## Exercise
Without the pictures, retype exactly the lines from the top of the entries below through the line that contains "Ventilador mini portátil, recargable".

Pictures with short captions:
━━━━━━

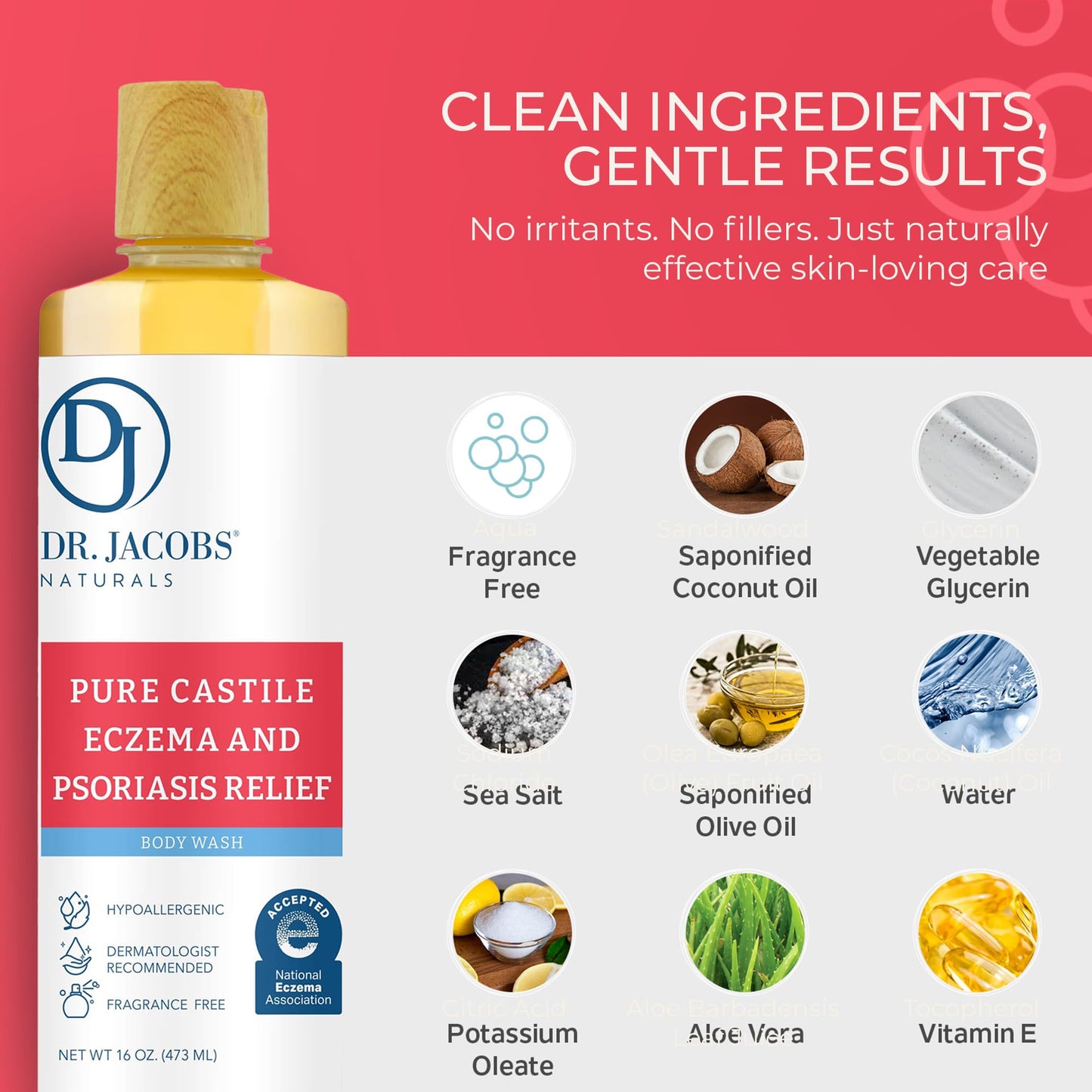 Dr. Jacobs Naturals Hypoallergenic Castile Soap, Dermatologist Tested Unscented Soap for Eczema & Psoriasis Relief - Sensitive Skin Body Wash Vegan Beauty & Personal Care DR.JACOBS NATURALS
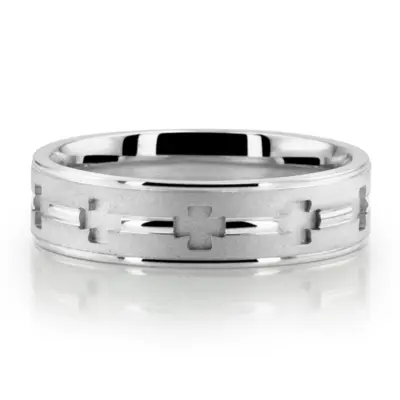 Cut-Out Cross Design Religious Ring - view 2 thumbnail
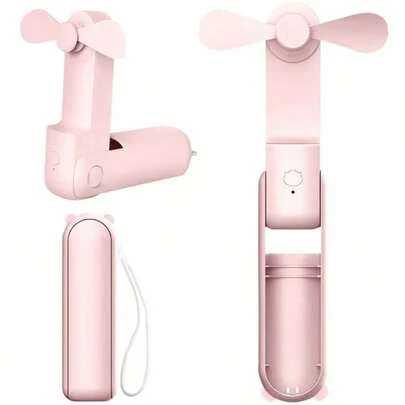 Ventilador mini portátil, recargable por USB, 3 niveles de velocidad del viento, plegable de mano, ventilador personal para pestañas, adecuado para niñas y mujeres, viajes, al aire libre, uso en verano, capacidad de batería: 500mAh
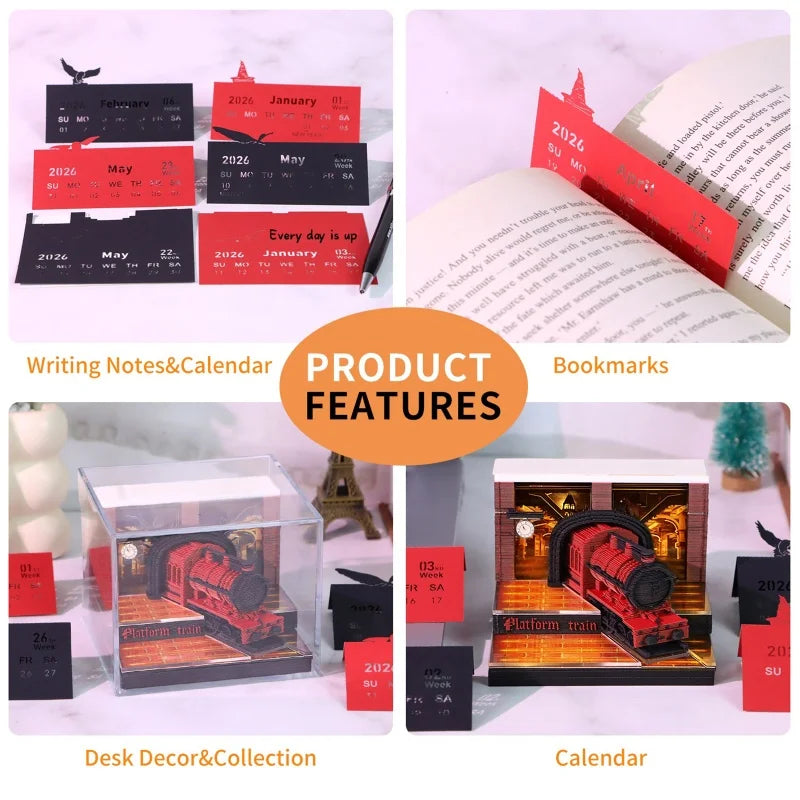Time Piece Calendar 2026 Desk Calendar With LED Light 3D Tear-away Calendar Paper Carving Art Memo Pad Notepad Gift Christmas Oasis Select
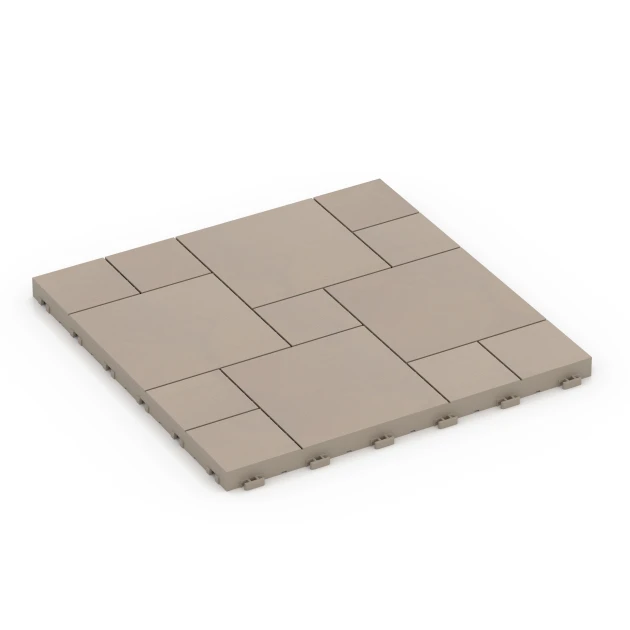 Blokový vzor – Terasové dlaždice von WARCO im Farbdesign Vanilka mit den Abmessungen 38,5 x 38,5 x 2 cm. Produktfoto von Artikel 6331 in der Aufsicht von schräg vorne.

━━━━━━

## Final answer
 Dr. Jacobs Naturals Hypoallergenic Castile Soap, Dermatologist Tested Unscented Soap for Eczema & Psoriasis Relief - Sensitive Skin Body Wash Vegan Beauty & Personal Care DR.JACOBS NATURALS
 Cut-Out Cross Design Religious Ring - view 2 thumbnail
 Ventilador mini portátil, recargable por USB, 3 niveles de velocidad del viento, plegable de mano, ventilador personal para pestañas, adecuado para niñas y mujeres, viajes, al aire libre, uso en verano, capacidad de batería: 500mAh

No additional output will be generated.